If you don't have to deal with case sensitivity, count yourself lucky! SQL
2000 is much better than SQL 7 with regard for collations, supporting collations
at database, table, and column level. In this article I'm going to delve into a
interesting (or obvious?) item I noticed recently when I did some performance
tuning.
Basically we were doing a join to a table where we had to treat one column as
case sensitive. The table in question had about 130k rows and had an index (not
unique) on the column we were joining to. Not a huge table, a join to it should
be reasonably fast, yet I saw a high number of reads. Digging into the code -
which I sadly admit to writing - I found that we were handling the issue of case
sensitivity by converting the column to varbinary, a technique that works in
SQL7 or SQL 2000. An example written using a different table and simplified
syntax is shown here:
select * from instantforum_members where convert(varbinary(50), fullname) = 'andy warren'
If you're using SQL2K, you can accomplish the same thing or even better
depending on your needs by using a collation instead, like this:
select * from instantforum_members where fullname='andy warren' collate Latin1_General_CS_AI
Before we go on, let's start with what a simpler non case sensitive query
would look like and do:
select * from instantforum_members where fullname='andy warren'
You can see that just doing a simple select for my name results in a plan
that starts with an index seek, which is good, and has a cost of .003283. The
cost is relative, but in practical terms this is a very fast efficient query.

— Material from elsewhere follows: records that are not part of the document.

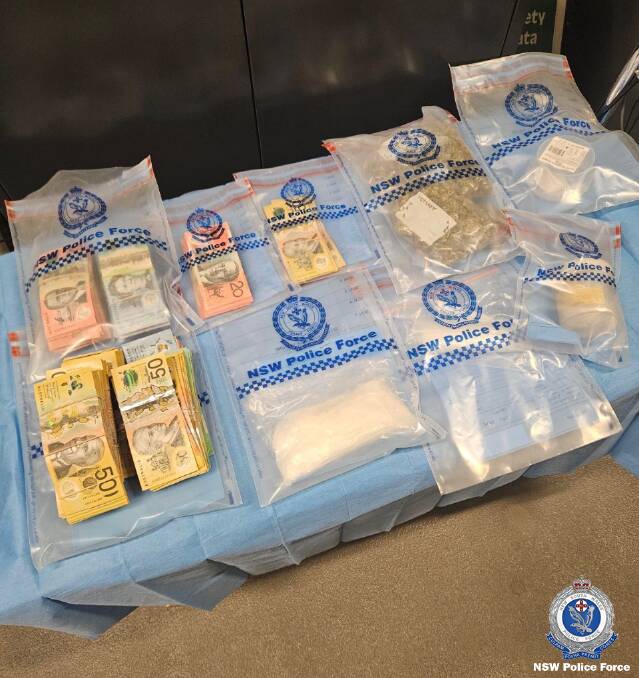 A quantity of seized cash and drugs allegedly taken during a search at Broken Hill.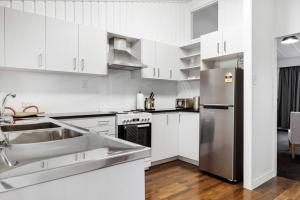 uma cozinha com armários brancos e um frigorífico de aço inoxidável em The Tauranga on the Waterfront em Tauranga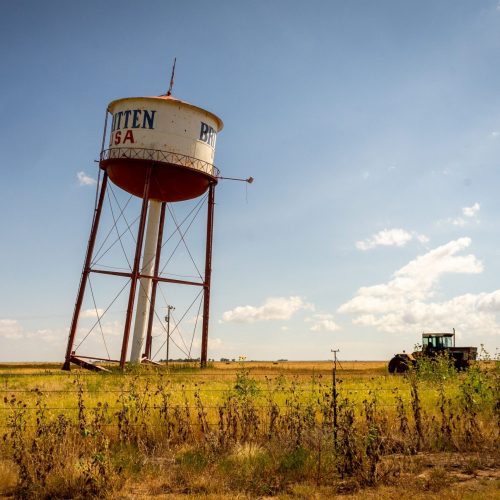 A wide shot of a leaning water town in rural Britten, Texas.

Now let's try the method I was using to handle sensitivity:
Here you can see the percentages shift as it does an index scan rather than
an index seek, no doubt caused by the convert statement which requires it to
touch every row. What's far more interesting is that the query cost jumps to
.508702, a huge jump! I ran the statement that used collate, not really
expecting a difference but you have to try, resulting in the exact same query
plan. That seems to make sense, it has to do the same work. Being curious, I
tried one more query specifying the collation as case insensitive and wound up
with the same results. Double checking the database found that I wasn't
specifying the correct & current collation which was
SQL_Latin1_General_CP1_CI_AS. Running one more time resulted in the same results
that I got in the first query with no collation specified.
Sorry if that is confusing. The net is that if you specify any collation
except the one in use on that column or you use a convert you're going to force
SQL to check each row, most likely resulting in either an index scan or a table
scan.
That got me thinking about how I could improve the performance without
changing the collation (an article for another day!). My thought process was
that the query itself was quick, the case sensitive compare slow only because it
had to look at every row, how to limit the query first and then do the compare.

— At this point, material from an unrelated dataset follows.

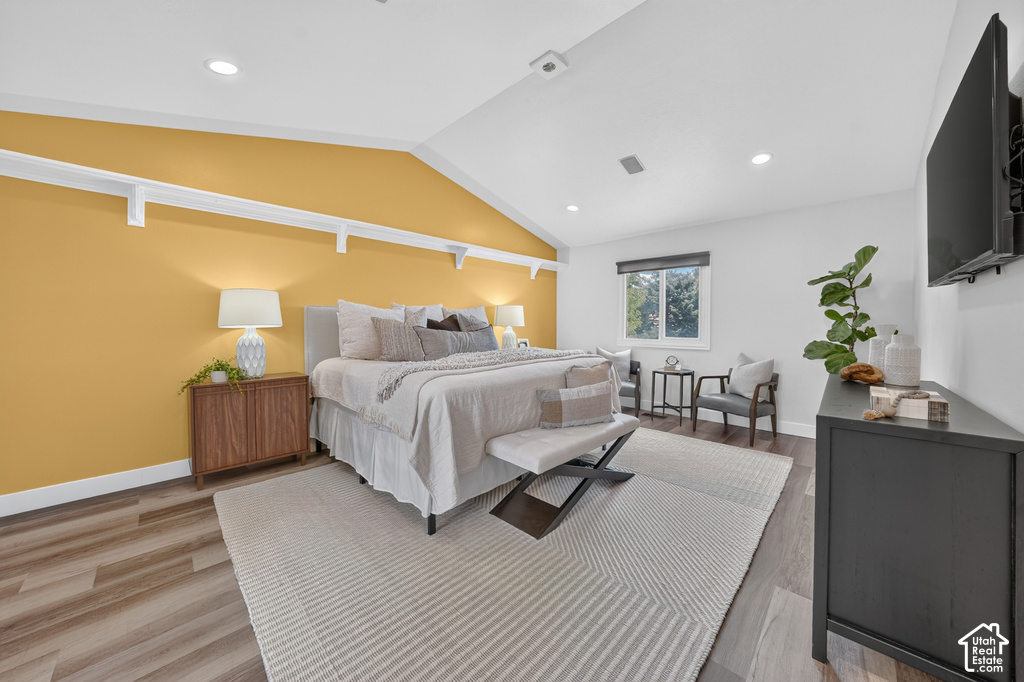 Vaulted ceilings complement the wood-finish flooring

For once it turned out to be exactly that easy, resulting in the following:
select * from instantforum_members where fullname = 'andy warren' and convert(varbinary(50), fullname) = 'andy warren'
Just that simple change gave me the results I needed at basically zero cost.
I've only tested on two tables so I can't say with certainty that the results I
show here are always true, but so far it seems to be consistent. It also shows
how even the simplest change can have an impact on query efficiency. In a follow
up article I'll look into others options including making the column case
sensitive.